Vera, who moved from Wanneperveen to Amsterdam when she was eight. Who didn't understand these city folk at first but grew to understand them. Who was loud and daring and funny. Who missed her father and hated him at the same time. Vera was ambitious and bright, went to university. Vera was angry.
Vera had a mother who was wrapped up in something she wasn't allowed to understand. Something her mother tried to keep her from, and whether that was out of protection or out of an unwillingness to share, neither of them knew. Vera had a mother who would disappear at night, and return without opening the door. Who covered the keyhole to her daughter's door, with no explanation.
Vera didn't understand, but maybe she did. Her mother was in love with another woman, and that woman had done something to her. Changed her. (That Sanne had killed Inge, Vera didn't figure out, but she knew well enough.)

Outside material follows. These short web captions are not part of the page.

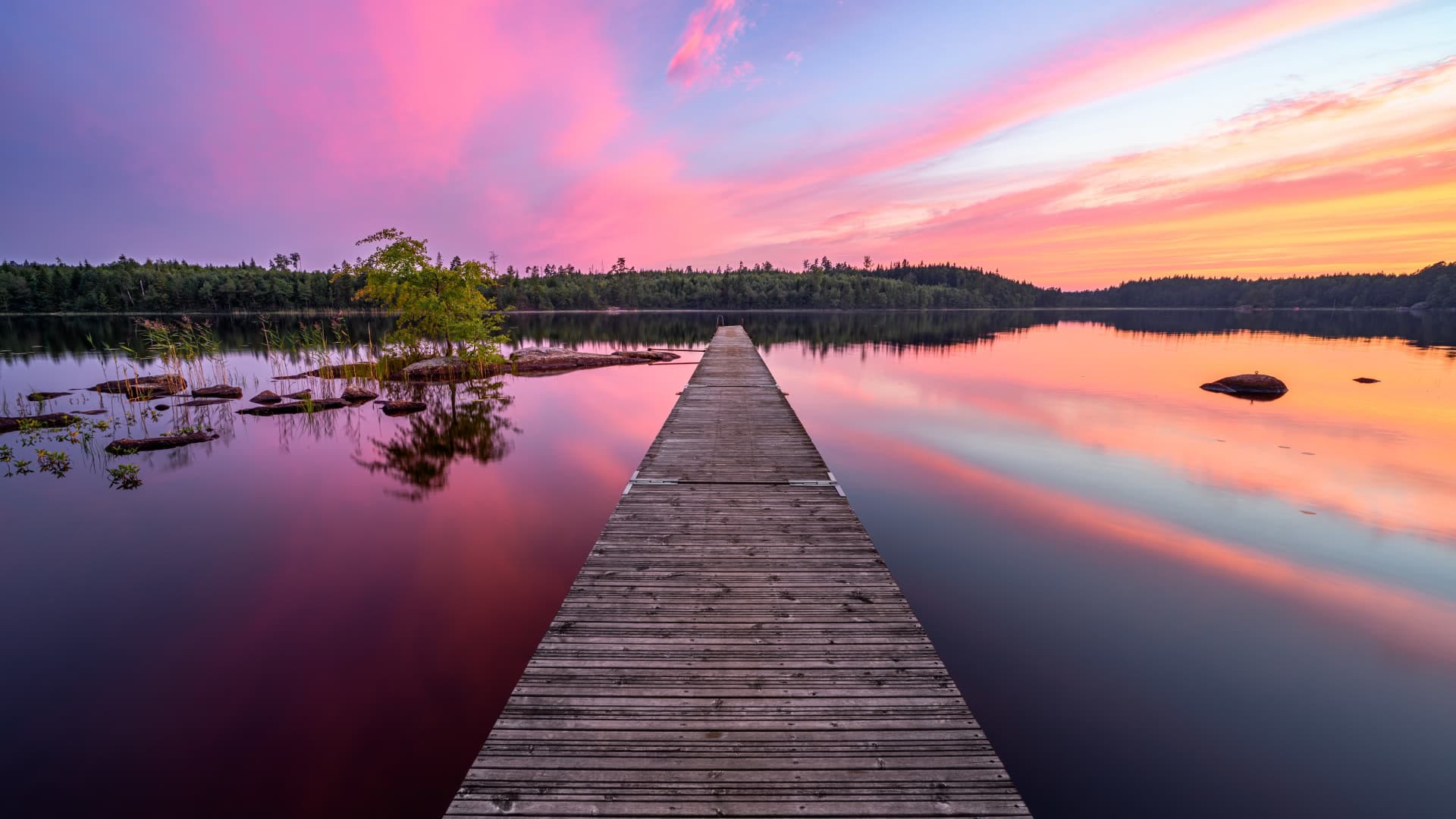Pink Twilight Pier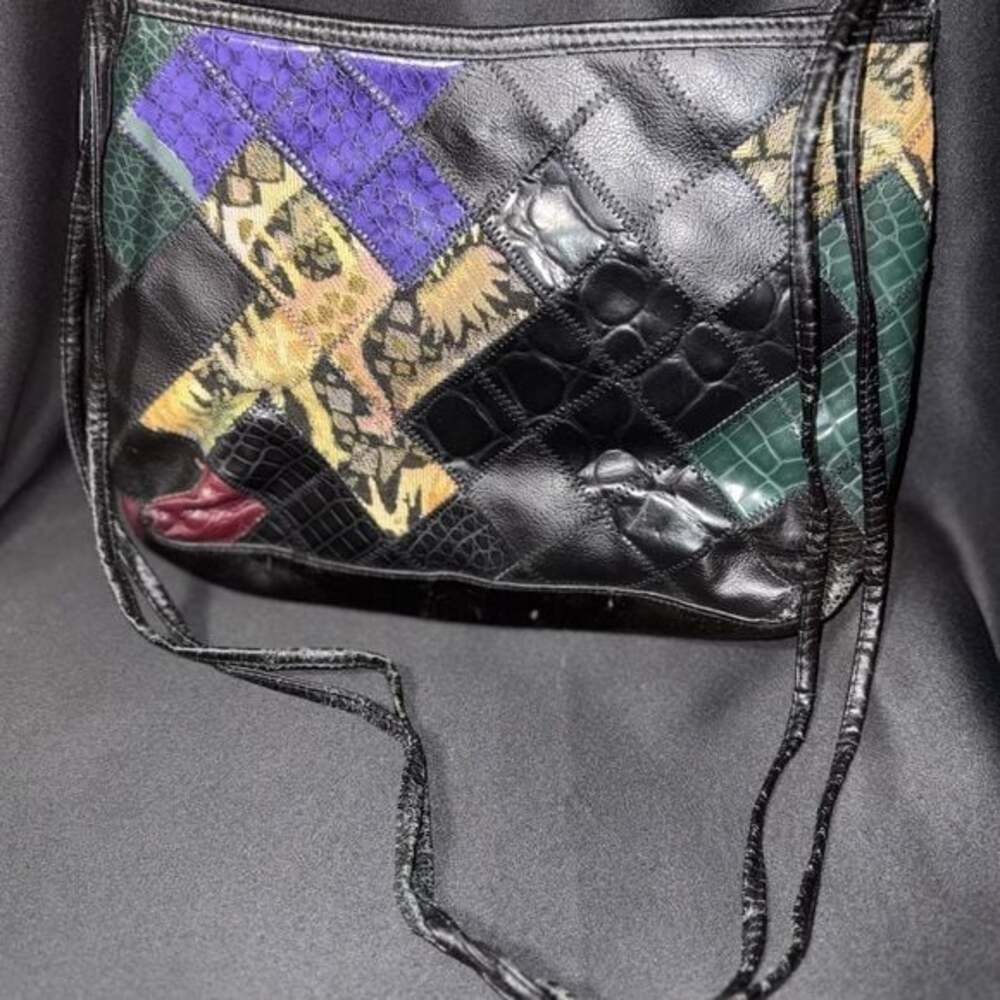 Patchwork Leather Shoulder Bag
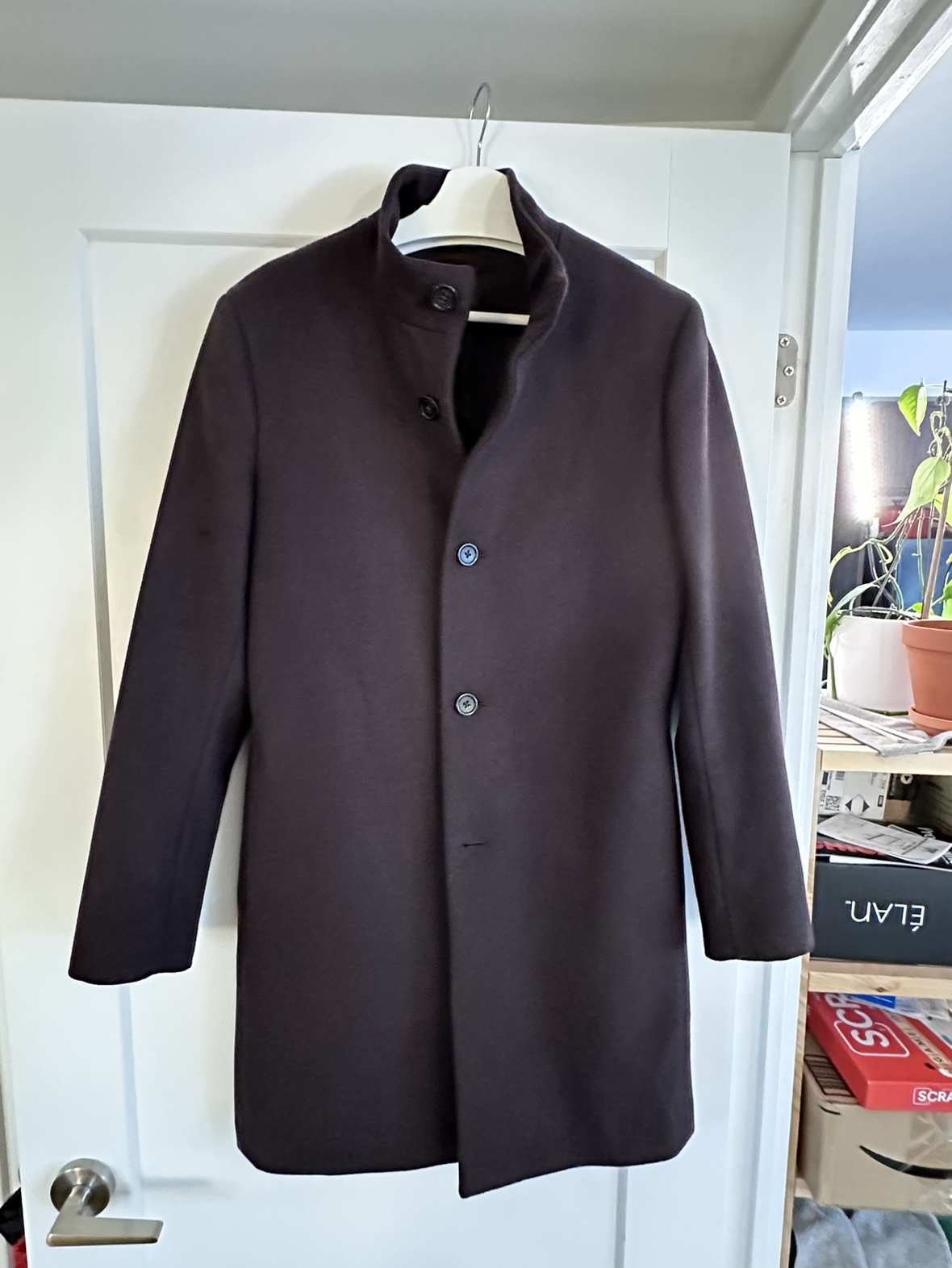 MANGO wool coat chocolate size S
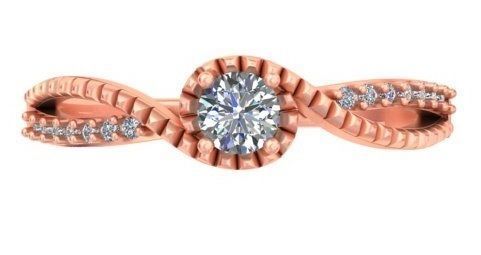 engagement silver delicate diamond ring light A29 3D print model_1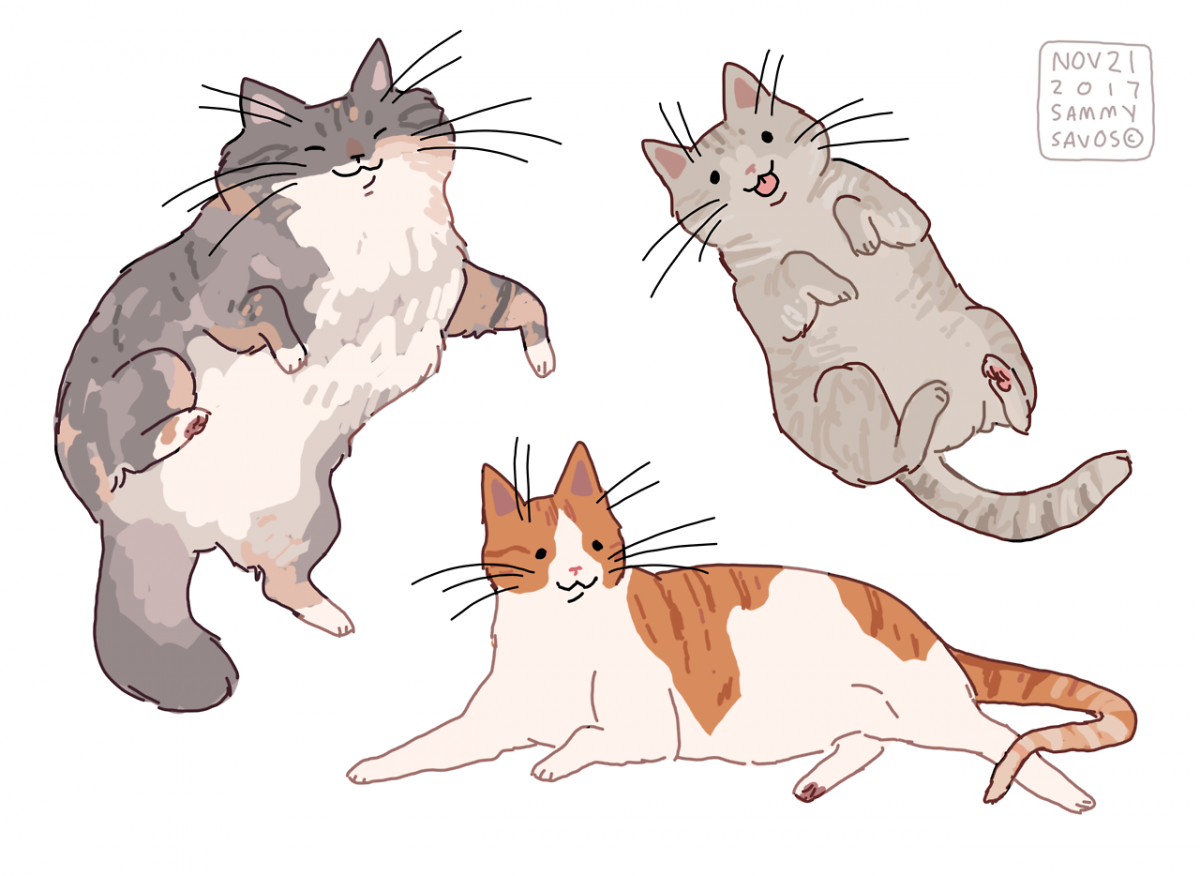 Иллюстрации кошки Flat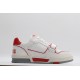 Louis Vuitton LV Trainer White Grey Red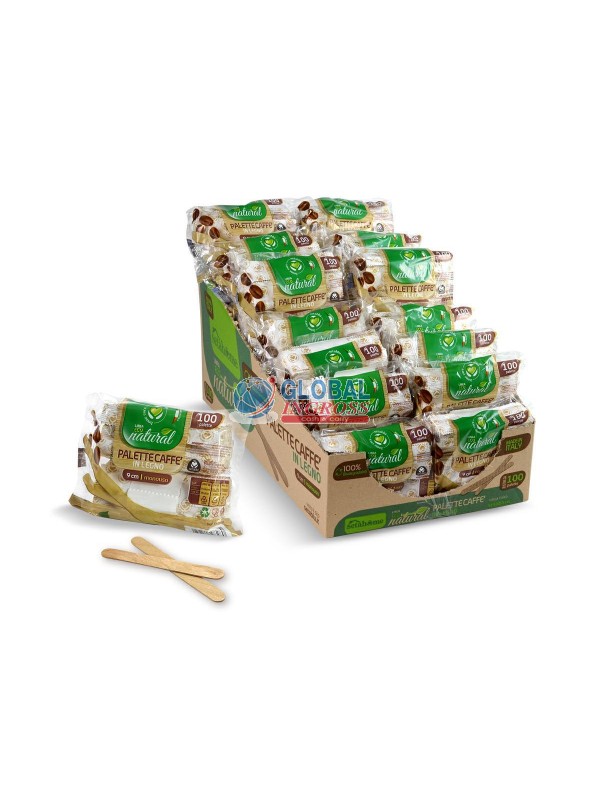 PALETTE CAFFE' LEGNO 100pz.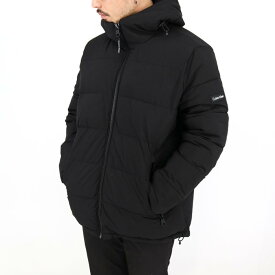 Calvin Klein カルバンクライン CM052418 メンズ中綿アウター HOODED PUFFER JACKET ジャンパー ブルゾン 防寒 ロゴ BLACK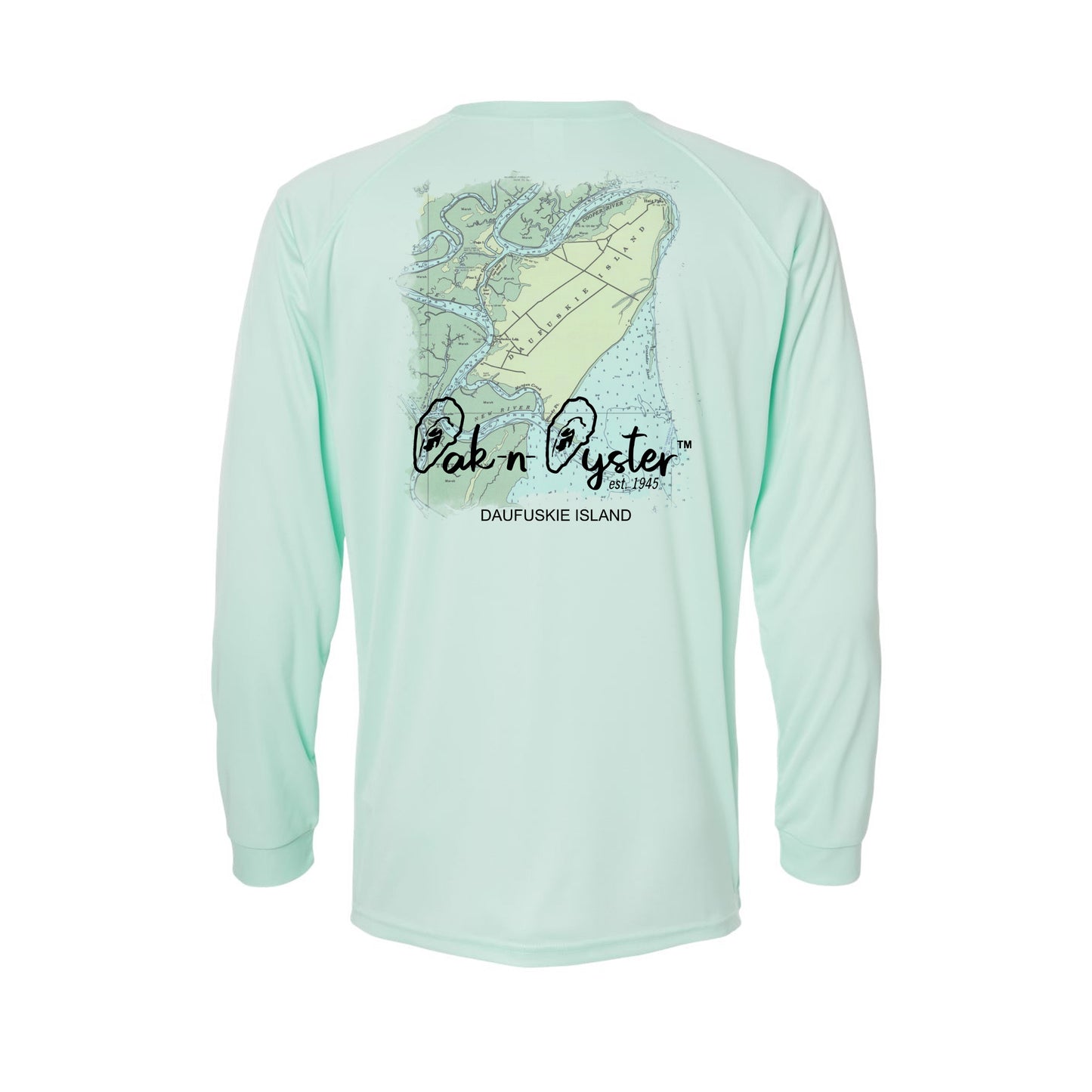 Nautical Daufuskie Map: Long-Sleeve Dri-Fit SPF 50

Vera studied, got a good job, got a boyfriend. Never got kids, because she knew that motherhood wasn't a fit for all. (It hadn't been for her mother.) She didn't see much of her mother, after a certain point, and when she did, she looked the same. Never a day older. Always with new jewlery. Always over the moon, ecstatic, but never glad enough to stay.
Vera hated her mother. Vera hated her father. Vera loved them both. Vera died with them in the room when she was thirty six, three years older than her mother had been when she had died.
(Vera asked her mother for the truth and her mother gave it. Her mother helped her sleep with a soft touch. Her mother held her, listened to her, spoke to her. She was loved and she loved in return. Time may have ran out, but there was always that — that love.)